RAG quality depends on what you feed it. Garbage in, garbage out applies more to RAG than almost any other system. This module teaches you to build robust document ingestion pipelines that clean, chunk, enrich, and embed your data for optimal retrieval.
Chunking Strategies
Documents must be split into chunks before embedding. Chunk size dramatically affects retrieval quality:
# Fixed-size chunking (simple, often sufficient)

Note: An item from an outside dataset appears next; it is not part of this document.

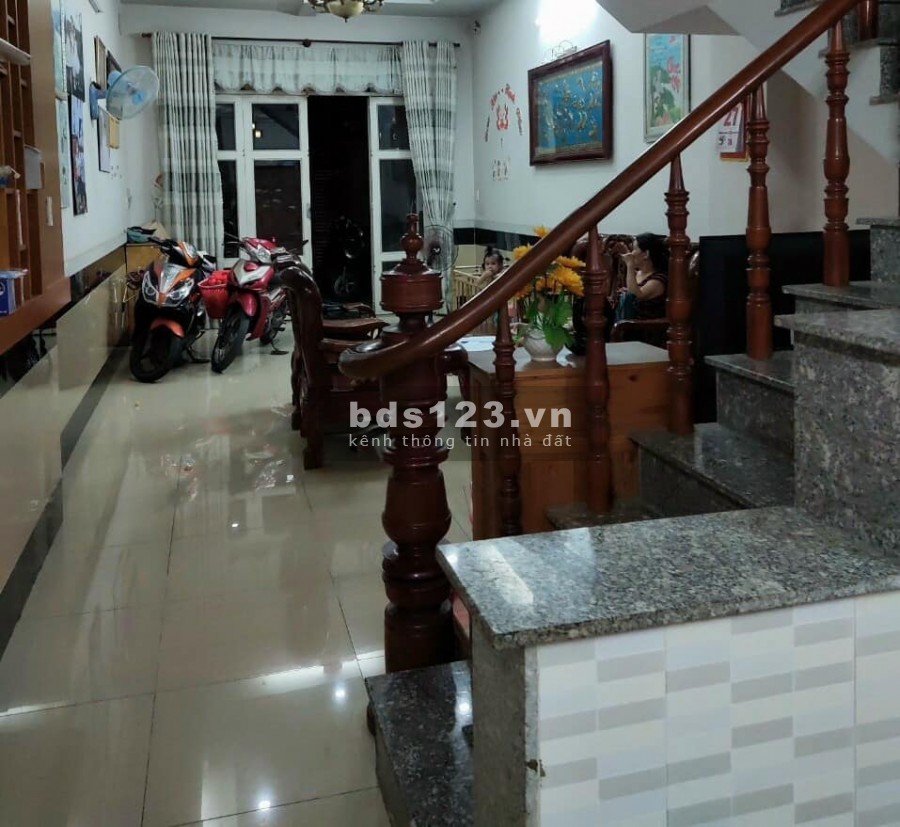 Bán nhà hẻm xe hơi Lạc Long Quân phường 10 Tân Bình diện tích 54m2, 2 lầu, giá rẻ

def chunk_fixed(text, chunk_size=500, overlap=50):
chunks = []
start = 0
while start < len(text):
end = start + chunk_size
chunks.append(text[start:end])
start = end - overlap
return chunks
# Semantic chunking (split on natural boundaries)
def chunk_semantic(text):
import re
sections = re.split(r'\n## |\n### |\n\n', text)

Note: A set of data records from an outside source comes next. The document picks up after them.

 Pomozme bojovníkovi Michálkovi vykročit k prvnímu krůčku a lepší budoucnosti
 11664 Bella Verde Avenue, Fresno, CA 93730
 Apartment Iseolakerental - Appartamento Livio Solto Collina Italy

return [s.strip() for s in sections if len(s.strip()) > 50]
# Recursive chunking (try large splits first, then smaller)
# Split on paragraphs -> sentences -> words
# Keep chunks under max_size while preserving meaning
Metadata Enrichment
Every chunk should carry metadata: source document title, section heading, page number, date, author, category. This metadata enables filtering at search time — "find relevant chunks from engineering docs written in 2026."
Handling Different Document Types
- PDF: Use pdfplumber or PyMuPDF for text extraction. Handle tables and images separately.
- HTML: Strip tags, preserve structure (headings become metadata).
- Markdown: Split on headers for natural semantic boundaries.
- Code: Chunk by function/class, include docstrings and signatures.